A Mr C. Potts has just filled in the survey, his email address is: ohlook@anticyclistsurvey.com


----------



## rikki (13 Dec 2017)

Done.


----------



## Drago (13 Dec 2017)

A Miss Tess Tickle of Pensitone has also just completed the survey.


----------



## mjr (13 Dec 2017)

User said:


> Next up Sister Ophelia Balls.


From Scunthorpe?


----------



## Tim Hall (13 Dec 2017)

mjr said:


> From Scunthorpe?


Clitheroe I think.


----------



## Drago (13 Dec 2017)

Mr S. Eamon from Staines has just filled it in.


----------



## Drago (13 Dec 2017)

Aye, many moons ago I saw an LPG Lead Wing in Germany.


----------



## mjr (20 Dec 2017)

Those of you registering with other peoples' email addressed will have missed Fail Fuel's heartwarming Christmas message, urging you to buy more mugs from their shop, recruit more mugs for their mailing list and linking to this video threat:

View: https://www.youtube.com/watch?v=pm0TvG6sbOw


----------



## mjr (20 Dec 2017)

Do you think the nightmarish background image to their threats video is their vision of an ideal polluted Britain?


----------



## Spinney (20 Dec 2017)

They're trying to pretend that the 7 year freeze on increases in fuel duty is down to their campaigning.

"Toxic tax"


----------



## glasgowcyclist (20 Dec 2017)

Nice alliteration at 1m15s though...


----------



## Drago (20 Dec 2017)

Baseless attacks on diesel drivers?

Fair pollution for all!!!


----------



## snorri (20 Dec 2017)

Spinney said:


> They're trying to pretend that the 7 year freeze on increases in fuel duty is down to their campaigning.

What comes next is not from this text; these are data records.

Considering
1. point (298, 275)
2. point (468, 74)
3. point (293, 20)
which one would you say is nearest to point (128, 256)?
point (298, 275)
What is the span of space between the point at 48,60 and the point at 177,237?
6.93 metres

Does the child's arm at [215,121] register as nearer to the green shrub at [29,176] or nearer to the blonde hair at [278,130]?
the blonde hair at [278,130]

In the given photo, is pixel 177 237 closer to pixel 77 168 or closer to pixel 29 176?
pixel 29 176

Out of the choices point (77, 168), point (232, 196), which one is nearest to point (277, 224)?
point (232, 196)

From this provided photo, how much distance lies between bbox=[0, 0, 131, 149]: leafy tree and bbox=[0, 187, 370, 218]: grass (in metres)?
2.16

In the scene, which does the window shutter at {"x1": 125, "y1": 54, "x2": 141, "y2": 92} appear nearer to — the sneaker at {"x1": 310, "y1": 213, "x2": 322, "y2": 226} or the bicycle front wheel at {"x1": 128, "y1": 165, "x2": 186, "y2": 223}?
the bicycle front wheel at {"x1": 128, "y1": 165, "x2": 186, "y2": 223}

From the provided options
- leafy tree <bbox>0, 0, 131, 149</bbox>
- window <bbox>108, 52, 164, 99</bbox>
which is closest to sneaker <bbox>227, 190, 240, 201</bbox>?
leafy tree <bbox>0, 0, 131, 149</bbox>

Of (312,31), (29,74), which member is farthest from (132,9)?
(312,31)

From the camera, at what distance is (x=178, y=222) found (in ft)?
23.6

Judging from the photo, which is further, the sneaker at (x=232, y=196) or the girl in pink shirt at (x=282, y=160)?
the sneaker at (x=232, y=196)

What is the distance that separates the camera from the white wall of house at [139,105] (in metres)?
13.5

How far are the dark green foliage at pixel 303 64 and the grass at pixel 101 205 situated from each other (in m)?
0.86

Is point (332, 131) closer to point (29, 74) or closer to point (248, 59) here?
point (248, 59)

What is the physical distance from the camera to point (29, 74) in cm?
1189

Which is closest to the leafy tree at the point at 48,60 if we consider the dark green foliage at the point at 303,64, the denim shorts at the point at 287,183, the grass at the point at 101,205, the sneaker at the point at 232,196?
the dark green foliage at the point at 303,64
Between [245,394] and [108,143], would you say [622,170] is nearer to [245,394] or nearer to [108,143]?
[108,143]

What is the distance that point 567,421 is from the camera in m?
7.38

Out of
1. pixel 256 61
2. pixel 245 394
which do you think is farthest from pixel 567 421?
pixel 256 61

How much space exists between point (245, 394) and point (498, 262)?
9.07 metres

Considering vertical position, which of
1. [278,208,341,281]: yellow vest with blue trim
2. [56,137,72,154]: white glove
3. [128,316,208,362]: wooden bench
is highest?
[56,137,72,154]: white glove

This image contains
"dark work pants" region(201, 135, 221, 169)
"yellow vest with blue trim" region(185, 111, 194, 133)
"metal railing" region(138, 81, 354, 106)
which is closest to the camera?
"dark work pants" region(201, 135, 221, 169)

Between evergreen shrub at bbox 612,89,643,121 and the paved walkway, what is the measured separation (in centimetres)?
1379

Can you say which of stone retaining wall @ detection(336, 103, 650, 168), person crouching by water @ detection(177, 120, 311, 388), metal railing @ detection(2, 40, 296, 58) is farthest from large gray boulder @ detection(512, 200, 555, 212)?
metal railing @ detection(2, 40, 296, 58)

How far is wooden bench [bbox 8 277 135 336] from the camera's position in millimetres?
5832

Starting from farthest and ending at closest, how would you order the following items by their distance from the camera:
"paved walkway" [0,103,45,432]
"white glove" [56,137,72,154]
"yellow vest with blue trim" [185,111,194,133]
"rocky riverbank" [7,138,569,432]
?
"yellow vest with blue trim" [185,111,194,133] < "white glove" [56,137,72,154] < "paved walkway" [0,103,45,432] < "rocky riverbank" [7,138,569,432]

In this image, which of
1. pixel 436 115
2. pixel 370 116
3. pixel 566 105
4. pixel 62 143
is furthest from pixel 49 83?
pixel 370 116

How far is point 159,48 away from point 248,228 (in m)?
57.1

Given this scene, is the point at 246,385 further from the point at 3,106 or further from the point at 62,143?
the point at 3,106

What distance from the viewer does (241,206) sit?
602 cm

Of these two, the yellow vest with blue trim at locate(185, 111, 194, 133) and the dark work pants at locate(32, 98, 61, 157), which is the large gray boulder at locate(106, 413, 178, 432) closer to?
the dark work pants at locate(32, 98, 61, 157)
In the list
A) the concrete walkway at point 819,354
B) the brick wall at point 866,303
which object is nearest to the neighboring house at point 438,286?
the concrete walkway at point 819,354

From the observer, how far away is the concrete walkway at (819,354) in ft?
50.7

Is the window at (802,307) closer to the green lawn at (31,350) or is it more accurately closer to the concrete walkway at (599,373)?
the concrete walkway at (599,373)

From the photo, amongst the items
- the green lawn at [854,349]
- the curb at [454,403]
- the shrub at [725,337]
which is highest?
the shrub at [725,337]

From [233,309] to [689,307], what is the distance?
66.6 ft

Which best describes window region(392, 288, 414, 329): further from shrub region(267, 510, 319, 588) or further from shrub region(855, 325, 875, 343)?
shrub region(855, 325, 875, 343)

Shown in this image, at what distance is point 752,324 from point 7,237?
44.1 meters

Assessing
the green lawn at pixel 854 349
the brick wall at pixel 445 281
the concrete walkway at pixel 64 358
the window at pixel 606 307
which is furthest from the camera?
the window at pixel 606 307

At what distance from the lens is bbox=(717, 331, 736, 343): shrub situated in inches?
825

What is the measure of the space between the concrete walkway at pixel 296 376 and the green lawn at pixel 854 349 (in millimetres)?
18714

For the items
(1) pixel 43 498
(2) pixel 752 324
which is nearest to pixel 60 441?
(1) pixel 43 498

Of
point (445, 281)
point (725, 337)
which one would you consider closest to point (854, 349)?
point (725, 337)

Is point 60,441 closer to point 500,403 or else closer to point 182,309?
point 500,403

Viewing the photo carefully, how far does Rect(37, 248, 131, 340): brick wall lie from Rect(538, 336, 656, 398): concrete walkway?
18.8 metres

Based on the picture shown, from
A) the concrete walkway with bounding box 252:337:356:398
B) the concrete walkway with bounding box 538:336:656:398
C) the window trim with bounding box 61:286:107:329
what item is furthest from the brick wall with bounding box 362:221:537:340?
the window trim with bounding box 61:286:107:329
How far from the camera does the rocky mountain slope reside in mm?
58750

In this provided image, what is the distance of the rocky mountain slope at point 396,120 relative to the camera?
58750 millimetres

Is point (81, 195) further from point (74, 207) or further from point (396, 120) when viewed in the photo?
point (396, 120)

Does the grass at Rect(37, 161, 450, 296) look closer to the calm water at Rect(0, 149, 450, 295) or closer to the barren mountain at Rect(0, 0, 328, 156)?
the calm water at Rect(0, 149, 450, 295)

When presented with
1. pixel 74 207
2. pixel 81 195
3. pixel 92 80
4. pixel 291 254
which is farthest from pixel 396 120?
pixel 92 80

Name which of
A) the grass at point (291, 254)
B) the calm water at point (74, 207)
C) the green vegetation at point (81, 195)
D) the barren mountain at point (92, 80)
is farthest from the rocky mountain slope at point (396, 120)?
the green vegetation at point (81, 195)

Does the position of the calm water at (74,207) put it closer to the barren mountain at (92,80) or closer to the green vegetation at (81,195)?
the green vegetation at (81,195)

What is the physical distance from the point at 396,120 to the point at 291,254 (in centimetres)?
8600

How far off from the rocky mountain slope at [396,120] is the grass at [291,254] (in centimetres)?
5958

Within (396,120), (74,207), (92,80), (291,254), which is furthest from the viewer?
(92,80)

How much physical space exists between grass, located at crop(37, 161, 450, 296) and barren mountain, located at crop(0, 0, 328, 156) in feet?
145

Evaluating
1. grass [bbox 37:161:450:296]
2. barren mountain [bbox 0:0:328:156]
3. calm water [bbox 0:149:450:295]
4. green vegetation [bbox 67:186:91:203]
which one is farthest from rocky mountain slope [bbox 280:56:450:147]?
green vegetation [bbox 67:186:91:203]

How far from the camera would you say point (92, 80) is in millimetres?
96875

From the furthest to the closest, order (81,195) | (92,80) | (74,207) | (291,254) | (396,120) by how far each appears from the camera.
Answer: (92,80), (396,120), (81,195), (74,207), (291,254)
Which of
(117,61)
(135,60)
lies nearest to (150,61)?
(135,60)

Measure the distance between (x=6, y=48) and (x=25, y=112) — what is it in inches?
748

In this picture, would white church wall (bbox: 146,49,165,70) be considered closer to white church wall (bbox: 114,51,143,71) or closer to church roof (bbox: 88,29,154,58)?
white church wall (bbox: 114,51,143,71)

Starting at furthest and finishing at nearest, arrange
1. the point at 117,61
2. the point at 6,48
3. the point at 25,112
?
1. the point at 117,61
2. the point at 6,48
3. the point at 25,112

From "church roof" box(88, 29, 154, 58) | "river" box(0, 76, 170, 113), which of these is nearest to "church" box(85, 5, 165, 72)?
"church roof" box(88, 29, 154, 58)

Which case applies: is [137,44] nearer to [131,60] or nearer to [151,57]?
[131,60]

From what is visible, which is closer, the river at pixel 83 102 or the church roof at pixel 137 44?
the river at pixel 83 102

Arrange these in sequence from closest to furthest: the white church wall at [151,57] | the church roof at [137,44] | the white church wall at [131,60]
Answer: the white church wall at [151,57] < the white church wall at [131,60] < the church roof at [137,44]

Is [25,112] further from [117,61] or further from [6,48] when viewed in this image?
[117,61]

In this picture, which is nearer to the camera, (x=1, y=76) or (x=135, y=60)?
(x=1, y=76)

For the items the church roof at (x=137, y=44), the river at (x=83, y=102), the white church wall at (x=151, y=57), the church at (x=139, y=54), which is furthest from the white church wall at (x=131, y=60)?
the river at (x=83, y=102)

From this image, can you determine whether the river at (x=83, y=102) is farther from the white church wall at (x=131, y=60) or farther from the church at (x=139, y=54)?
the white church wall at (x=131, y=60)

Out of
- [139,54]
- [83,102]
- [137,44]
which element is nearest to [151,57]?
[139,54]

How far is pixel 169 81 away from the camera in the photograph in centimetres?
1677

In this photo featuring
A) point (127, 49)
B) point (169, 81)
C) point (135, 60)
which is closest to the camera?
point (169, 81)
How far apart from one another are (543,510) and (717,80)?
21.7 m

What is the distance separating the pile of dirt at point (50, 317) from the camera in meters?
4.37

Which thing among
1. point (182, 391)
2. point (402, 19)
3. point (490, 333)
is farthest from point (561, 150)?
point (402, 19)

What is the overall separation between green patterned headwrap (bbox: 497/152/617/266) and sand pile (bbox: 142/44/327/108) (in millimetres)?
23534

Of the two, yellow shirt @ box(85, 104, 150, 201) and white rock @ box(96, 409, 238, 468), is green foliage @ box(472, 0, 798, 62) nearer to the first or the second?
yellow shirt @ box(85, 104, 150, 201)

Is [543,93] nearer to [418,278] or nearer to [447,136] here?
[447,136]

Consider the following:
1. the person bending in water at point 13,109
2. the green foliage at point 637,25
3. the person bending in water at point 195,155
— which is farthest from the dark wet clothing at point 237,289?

I think they are also trying to pretend that everyone who responded to their silly poll is a supporter of their aims.


----------



## Tin Pot (20 Dec 2017)

mjr said:


> Those of you registering with other peoples' email addressed will have missed Fail Fuel's heartwarming Christmas message, urging you to buy more mugs from their shop, recruit more mugs for their mailing list and linking to this video threat:
> 
> View: https://www.youtube.com/watch?v=pm0TvG6sbOw




God it’s awful news, and they picked music to emphasise how awful it is.


----------



## snorri (30 Dec 2017)

It's good to see the fairfuel group coming in for criticism from Road Danger Reduction Forum (RDRF) following publication of the results of the survey. Strikes me the cyclists who filled in the poll expressing opposite views to that required by FairFuel may have skewed the results to be a little less horrifying than they would otherwise have been! http://road.cc/content/news/234582-...rried-out-fuel-price-campaign-group-finds-all


Pasted from CHAIRRRDF on Twitter
1. This kind of bigotry obviously feeds into the already excessively bad driving of the unjustifiably entitled motorist http://road.cc/content/news/234582-daily-mail-survey-cyclists-carried-out-fuel-price-campaign-group-finds-all … . Need to point out that (a) testing doesn't bring drivers up to level of non-violence of cyclists, (b) driver taxation does not cover external costs of motoring, (c) helmet usage does not reduce casualty rates, (d) hi-viz doesn't either, and is an excuse for drivers not watching out, as well as (e) offences already exist for cyclists. The "road safety" industry like @roadsafety @Road_Safety_GB @PACTS 
@LRSC_tweets @Brakecharity should be fighting this prejudice and bigotry, but doesn't because it's part of the problem. + "driving instructors" , "safety engineers" etc., etc.


----------



## phantasmagoriana (8 Aug 2018)

They've got another survey out...

https://www.surveygizmo.com/s3/4504786/FairFuelUK-Road-User-Survey-2018


----------



## Drago (8 Aug 2018)

Filled it in, moaning about the lack of focus on cycling at every opportunity.


----------



## FishFright (8 Aug 2018)

Drago said:


> Filled it in, moaning about the lack of focus on cycling at every opportunity.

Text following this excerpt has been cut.